[WIP][shelly] Fix "duplicate id" on top of Shelly2RpcSocket fixes0#20248
[WIP][shelly] Fix "duplicate id" on top of Shelly2RpcSocket fixes0#20248markus7017 wants to merge 24 commits intoopenhab:mainfrom
Conversation
|
Why the close? |
|
If something went wrong with rebasing and such, you don't have to create a new PR, just reopen this and force-push the "fixed" branch. |
|
I created a sub-branch from yours, |
|
I reopened it, because as far as I remember, GitHub doesn't react to pushes if it's closed. |
|
This PR will reflect exactly what is in your |
|
Seems like you got it now 👍 |
|
ok, the stash/push was missing
|
Have you checked what the Shelly devices expect? Is there any API documentation available? There are different ways to do keepalive, and what's the best way depends on how it's implemented in the devices. Have you verified the timestamps for the disconnects in the log - do they look like they happen a certain time after either connect or last transmission? It might not be a "keepalive" issue at all. |
|
API spec could be found here: I can't find any spec/recommendation how to handle keep alive The integration is super simple. The binding polls on the http channel anyways once a minute I use the same time to fire a anyc Shelly.GetStatus on the WS channel - so no overhead, minimal change (in fact getStatus(true) does this, which is called from ShellyBaseHandler.refreshStatus() |
It seems that the code that is running in the Shellys can be found here: https://github.com/home-assistant-libs/aioshelly/blob/main/aioshelly/rpc_device/wsrpc.py It doesn't contain too many details, because the technical details are handled by There's no PING/PONG handling in the linked code, but it could reside inside I think it would be useful to try to figure out what actually leads to the disconnects - but it's hard to do with the information I have. |
|
I really hate Python, but as far as I understand, this is where the websocket is created: The library has an automatic WS ping functionality that can be sent every X seconds by using:
This means that, if we send a PING, we shoud get a PONG in response, since they don't explicitly disable |
I'm super confused by the polling logic. It seems to me like the binding runs "refresh" every 3 seconds... which is extremely often. And, a lot of stuff takes place, none of which is thread-safe, although threads are used to execute the refreshes ("scheduled" jobs are executed by a thread pool). So, I'm not even able to follow exactly when what is called, but why does gen2 have this "refresh" in the first place - since they are event based, things should happen as events arrive, not on a schedule..? |
|
I found that the default Jetty WS idle timeout is 300000 ms/5 min, and I can't see that the binding overrides this. That means that devices will be disconnected by Jetty if nothing is sent in 5 min. It's a bit strange if that results in an "ungraceful" disconnect, but who knows. |
|
@markus7017 I made a suggested implementation for WS ping here: Nadahar@fb28951 I didn't make any handling if the ping failed, except to log it. I don't know if there's any point, I assume that if it fails, |
That's not the code running on Shelly side, but the Home Assistant integration.

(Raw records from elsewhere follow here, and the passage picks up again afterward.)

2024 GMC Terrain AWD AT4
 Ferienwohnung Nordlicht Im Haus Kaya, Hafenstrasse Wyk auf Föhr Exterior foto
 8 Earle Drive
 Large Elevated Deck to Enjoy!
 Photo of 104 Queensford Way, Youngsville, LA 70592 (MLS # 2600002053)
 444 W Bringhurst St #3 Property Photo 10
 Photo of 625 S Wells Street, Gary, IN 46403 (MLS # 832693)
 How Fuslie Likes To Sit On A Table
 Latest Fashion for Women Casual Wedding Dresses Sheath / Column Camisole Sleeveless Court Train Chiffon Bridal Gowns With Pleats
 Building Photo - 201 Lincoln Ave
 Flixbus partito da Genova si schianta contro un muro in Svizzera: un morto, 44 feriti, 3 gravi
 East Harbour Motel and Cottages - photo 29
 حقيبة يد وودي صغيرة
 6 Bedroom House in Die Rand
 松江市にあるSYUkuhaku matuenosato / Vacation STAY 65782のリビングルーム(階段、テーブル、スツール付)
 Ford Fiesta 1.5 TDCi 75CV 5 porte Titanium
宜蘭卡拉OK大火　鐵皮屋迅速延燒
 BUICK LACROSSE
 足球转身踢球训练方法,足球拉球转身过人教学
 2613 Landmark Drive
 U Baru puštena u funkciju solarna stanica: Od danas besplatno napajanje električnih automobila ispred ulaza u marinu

I'll work on that checking device debug etc.
It does I know that some users reported connection drops with relays almost doing nothing after a long time. I already had the WS polling in, which fixed it, but that got lost by merging/rebase across PRs. I prefer async Shelly.GetStatis, because
I don't like the WS ping/pong, because it's not mentioned in the API spec.
The basic idea was to have a central point of background tasks and avoid concurrency. Maybe bad idea, but it works :-) and I don't plan to change it. Now I added also the WS ping there, which means we don't need another background task there and it's in sync with the thing handler poll. |
Yes, that's what I thought too, but I was led to believe differently by the way the official documentation linked to aioshelly. I found it odd, but thought maybe they had done some kind of cooperation with HA for the functionality. But, reading it again, you're probably right. From what I can see from the documentation, the Shellys shouldn't require any keepalive. Jetty on the other hand, probably does, but not until I would be very hesitant to add polling every minute, leading to a lot of unnecessary processing on both sides, and network utilization. The devices must have limited processing power, and I can't understand how battery devices wouldn't suffer a lot from this. And, what will it achieve? If the event system works and no events have arrived, it literally means that nothing has changed, so the processing is "for nothing".
I was pretty sure that I had seen it somewhere, but I couldn't find it... have you verified that it actually works to specify it like this, and that the 5 minutes default timeout doesn't apply? You can query the session for how long it has left until idle timeout, adding some temporary debug logging for that could help remove all doubt.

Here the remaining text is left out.